=== Begin Enclosure ===
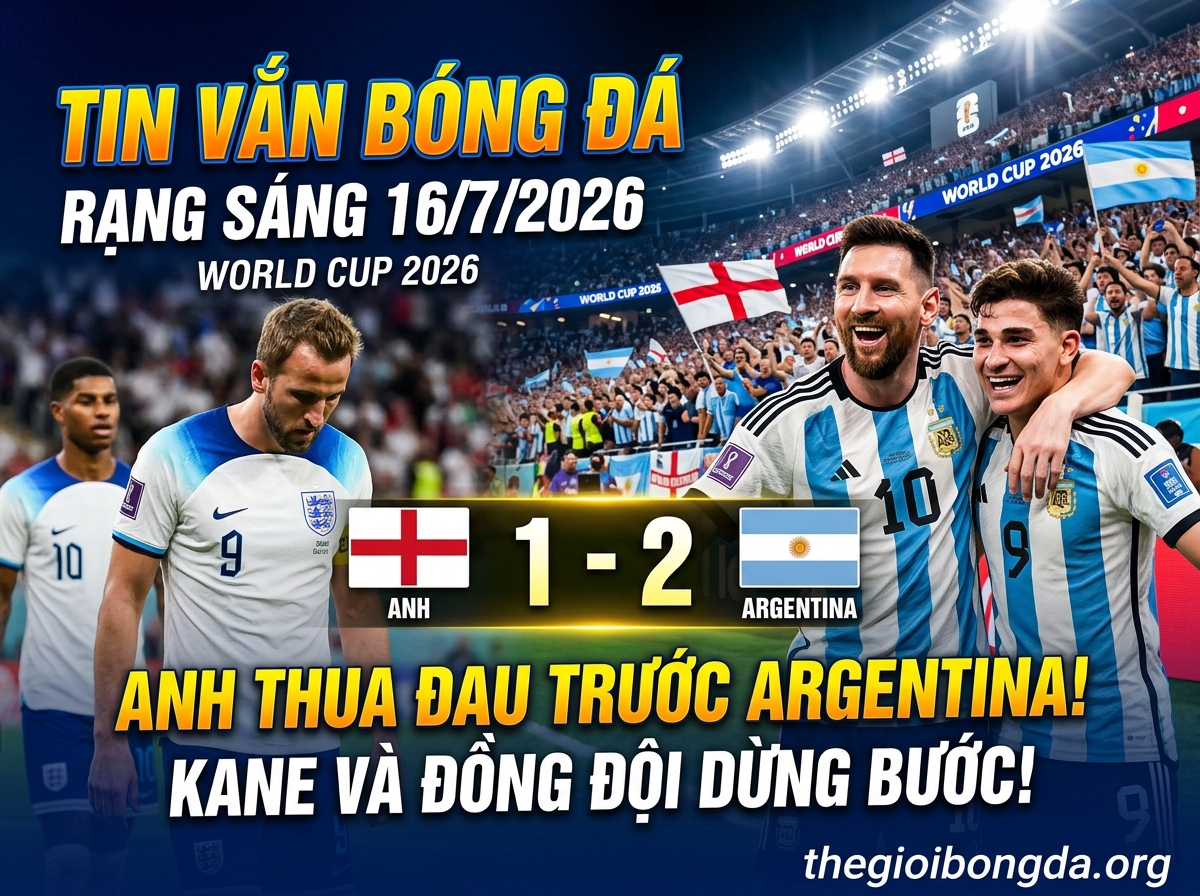 Điểm tin bóng đá rạng sáng ngày 16/07/2026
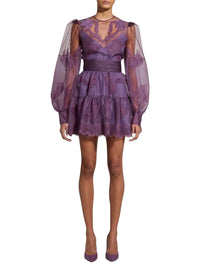 Robe à manches ballon en soie - Sweet Grape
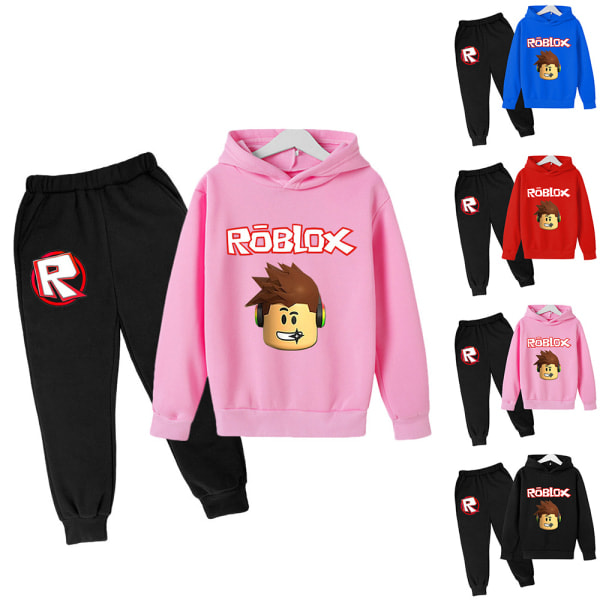 Lasten Roblox Painettu Cartoon Tracksuit Huppari Pitkät Housut Vaaleanpunainen 150cm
=== End Enclosure ===
▶ TASK STATEMENT: Restate the whole listing word for word. Omit the pictures.

▶ OUTPUT:
 Điểm tin bóng đá rạng sáng ngày 16/07/2026
 Robe à manches ballon en soie - Sweet Grape
 Lasten Roblox Painettu Cartoon Tracksuit Huppari Pitkät Housut Vaaleanpunainen 150cm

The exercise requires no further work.